Lately I am having a lot of discussions with customers around sizing of their hosts. Especially Cisco UCS(with the 384GB option) and the upcoming Intel Xeon 5600 series with six cores per CPU takes the “Scale Up” discussion to a new level.
I guess we had this discussion in the past as well when 32GB became a commodity. The question I always have is how many eggs do you want to have in one basket. Basically do you want to scale up(larger hosts) or scale out(more hosts).
I guess it’s a common discussion and a lot of people don’t see the impact sizing your hosts correctly. Think about this environment, 250 VMs in total with the need of roughly 480GB of memory:
- 10 Hosts, each having 48GB and 8 Cores, 25 VMs each.
- 5 Hosts, each having 96GB and 16 Cores, 50 VMs each.
If you look at it from an uptime perspective; Would a failure occur in scenario 1 you will lose 10% of your environment. If you look at scenario 2 this is 20%. Clearly the associated cost with the down time for 20% of your estate is higher than for 10% of your estate.
Now it’s not only the associated cost with the impact of a host failure it is also for instance the ability of DRS to load balance the environment. The less hosts you will have the smaller the chances are DRS will be able to balance the load. Keep in mind DRS uses a deviation to calculate the imbalance and simulates a move to see if it results in a balanced cluster.
Another thing to keep in mind is HA. When you design for N+1 redundancy and need to buy an extra host the costs associated for redundancy is high for a scale up scenario. Not only the costs associated are high, the load when the fail-over needs to occur will also increase immense. If you only have 4 hosts and 1 host fails the added load on the 3 hosts will have a higher impact than it would have on for instance 9 hosts in a scale out scenario.
Licensing is another often used argument for buying larger hosts but for VMware it usually will not make a difference. I’m not the “capacity management” or “capacity planning” guru to be honest but I can recommend VMware Capacity Planner as it can help you to easily create several scenarios. (Or Platespin Recon for that matter.) If you have never tried it and are a VMware partner check it out and run the scenarios based on scale up and scale out principles and do the math.

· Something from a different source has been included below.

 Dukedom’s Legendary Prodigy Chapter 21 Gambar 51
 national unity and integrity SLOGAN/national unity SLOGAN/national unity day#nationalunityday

Now, don’t get me wrong I am not saying you should not buy hosts with 96GB but think before you make this decision. Decide what an acceptable risk is and discuss the impact of the risk with your customer(s). As you can imagine for any company there’s a cost associated with down time. Down time for 20% of your estate will have a different financial impact than down time for 10% of your estate and this needs to be weighted against all the pros and cons of scale out vs scale up.